No new device was invented by Denchfield, but his improvement consisted in a new combination of old means and devices. That combination, as described in the specification of his original patent, includes seven elements, namely: 1. The meal chest D at the bottom of the mill, into which the meal falls through the spouts C from the millstones. 2. The conveying shaft F, which takes the meal from this chest into the elevator F. 3. The elevator F', which carries up the meal and discharges it into the bolts or hopper-boys. 4. The fan G, creating a suction blast, which cools and dries the meal during its passage through the millstones, the spouts C and the chest D. 5. The spout I, communicating with the fan, and through which the meal dust, following the blast of air, is thrown upwards into the chest J at the top of the mill. 6. The chest J, in which the meal dust settles. 7. The conveying shaft K, by which the meal dust is carried from this chest into the elevator.

The only devices, indeed, which take part in cooling and drying the meal, are the meal chest at the bottom of the mill with the rotating shaft in it, the spout by which that chest

communicates with the fan, and the fan itself. The other chest or dust room at the top of the mill collects and saves the lighter part of the meal thrown upwards by the fan. The rotating shafts in each chest convey all the meal, after it has been cooled, dried and collected, to the elevator, and the elevator takes it to the bolts.
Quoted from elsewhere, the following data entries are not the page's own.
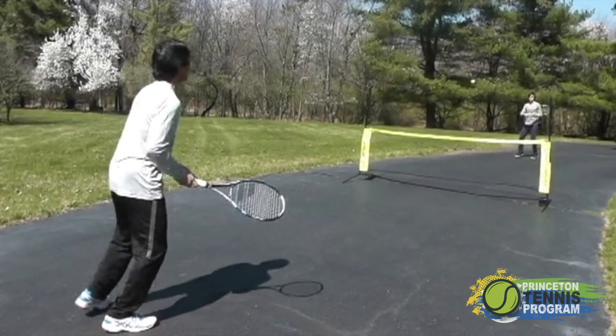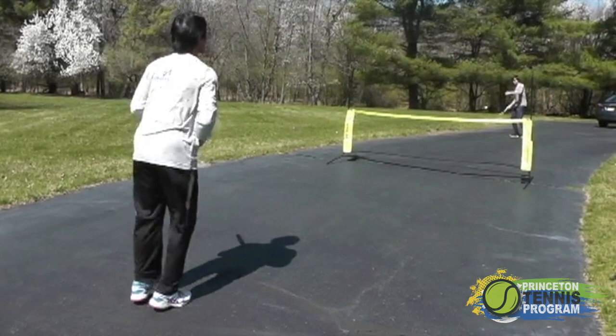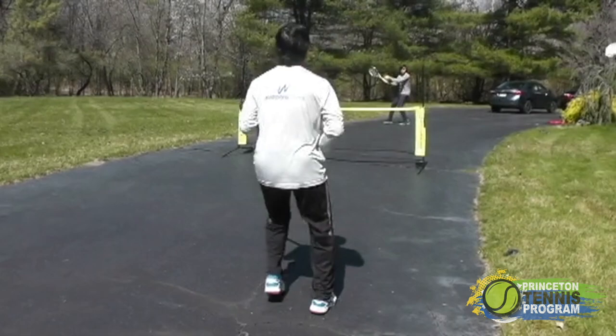One of the keys of moving fluidly and efficiently on the court is to make sure that you are staying on the balls of your feet in between shots. This is something that Roger Federer does extremely well, and it's a reason why he looks like he floats when he plays tennis.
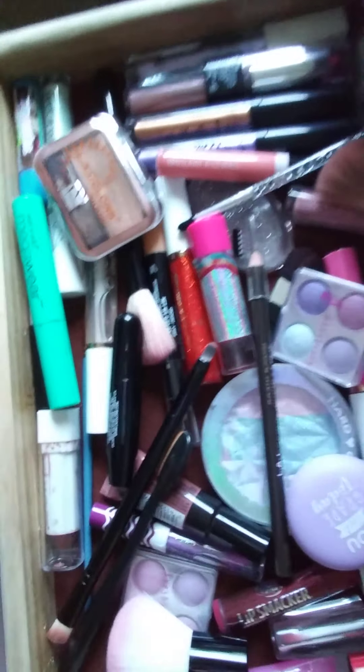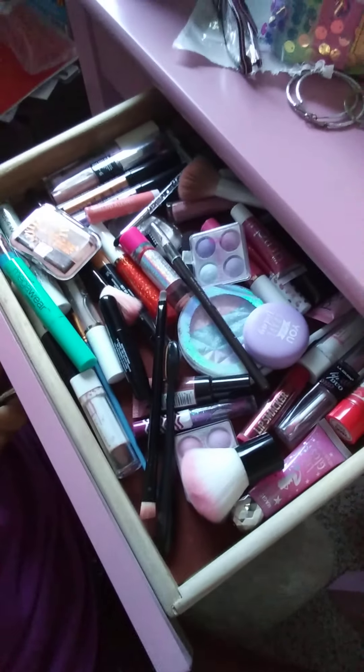So yeah, I'm going to put this in the drawer. Let me show you — all of that. I have a lot, a lot.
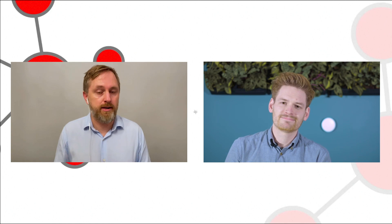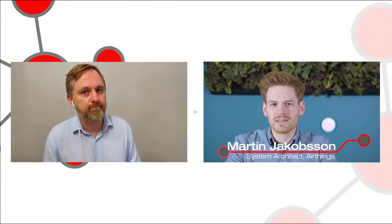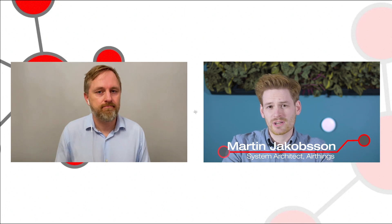Today I have two customers with me who also work on Amazon Sidewalk. First out is Martin Jacobsen from AirThings. Hi Erling, thanks for having me. I'm Martin Jacobsen, System Architect at AirThings.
But the fan, with its communicating spout and meal chest, the dust room, the two conveyors, and the elevator, tend to one result, the cooling and drying of the meal, without waste or loss, "on its passage from the grinding stones to the bolts," "the whole," as stated at the beginning of the specification, forming a simple and economical device;" and the single claim in the original patent is for the arrangement and combination of the seven elements, designating them all with equal distinctness by appropriate letters.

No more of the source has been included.